Athletes, singers, and other professionals warm up before they perform. Why wouldn’t a voice-over actor? Being a voice-over actor involves strain on your vocal cords, so warming up is a must. Warm-ups will help get your voice into perfect condition for a great day at the studio.
Why Is It Important?
The more you tone your vocal cords, the more versatile you will be while reducing your chances of injury. Most seasoned voice-over actors will perform warm-ups after they wake up in the morning and then again before a recording. Sessions can be demanding for a voice-over actor and a warmup will keep you in top performance shape.
Relaxation Begins with Breathing
Breathing releases tension that can interfere with effective voice production. If you are holding on to tension, it radiates to the voice box muscles. Start with relaxing your shoulders and chest, take a regular breath in and then exhale. The next breath-hold an “s” sound like in a hiss when you exhale. You want the focus of your breath to come from your abdomen and not your chest and shoulders. Place your hand on your abdomen as a reminder. Repeat a few times.
Stretches for the Body
A limber body means a more relaxed voice. Start with side stretches, they are great for expanding your rib cage and making your lungs feel like they are full of air. Raise your arms up to the sky and exhale and lean to the right, lengthening your body. Gently hold it there for a few seconds and then back to center and then to your left.
Gentle neck rolls will help warm up your neck and throat muscles. Gently rotate your head clockwise and counter-clockwise.
Humming, Lip Trills, and Tongue Trills
A loose, gentle modulating hum is a way to ease your facial muscles and create space for resonant sound. It gets your resonators warm which helps restore your vocal tone quality.
Lip trills and flutters are also a good way to loosen facial muscles and get your vocal cords warmed up. To roll your lips, close your mouth and create a constant “b” sound. This will vibrate your lips, creating a trilling sound effect.
Tongue trills relax the tongue and engage breathing and voice. Place your tongue behind your upper teeth. Exhale and trill your tongue with an “r” sound. Hold the sound steady and keep the breath connected. Try to vary the pitch up and down the scale while trilling.
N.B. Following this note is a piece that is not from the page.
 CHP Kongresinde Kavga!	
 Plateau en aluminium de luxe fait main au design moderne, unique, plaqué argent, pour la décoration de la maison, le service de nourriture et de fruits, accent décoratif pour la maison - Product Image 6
Articulation is one of the most important aspects of your job. If you don’t articulate and enunciate clearly, then no one is going to understand what you are saying, and that means you will not be hired for the job. Tongue twister exercises are a great tool.
- She sells seashells by the seashore.
- Peter Piper picked a peck of pickled peppers.
- A big black bug hit a big black bear.
- How much wood could a woodchuck chuck if a woodchuck could chuck wood?
- These are ideal phrases... but they are tough for me too!
Yawning naturally drops your jaw and regulates oxygen while extending your soft palate. It relaxes your throat muscles and vocal cords, and as soon as they relax, the tone drops. There are many actors that swear by this technique.
Warm-ups in the Shower
The humidity will help as the moisture will coat and protect your throat, vocal cords, and more. Plus, the acoustics will be an added bonus. Wherever in the morning, your warm-up in the shower or in your bedroom or kitchen. Just remember voice-over actors are like athletes, they need to warm up and train to keep their voice in top condition.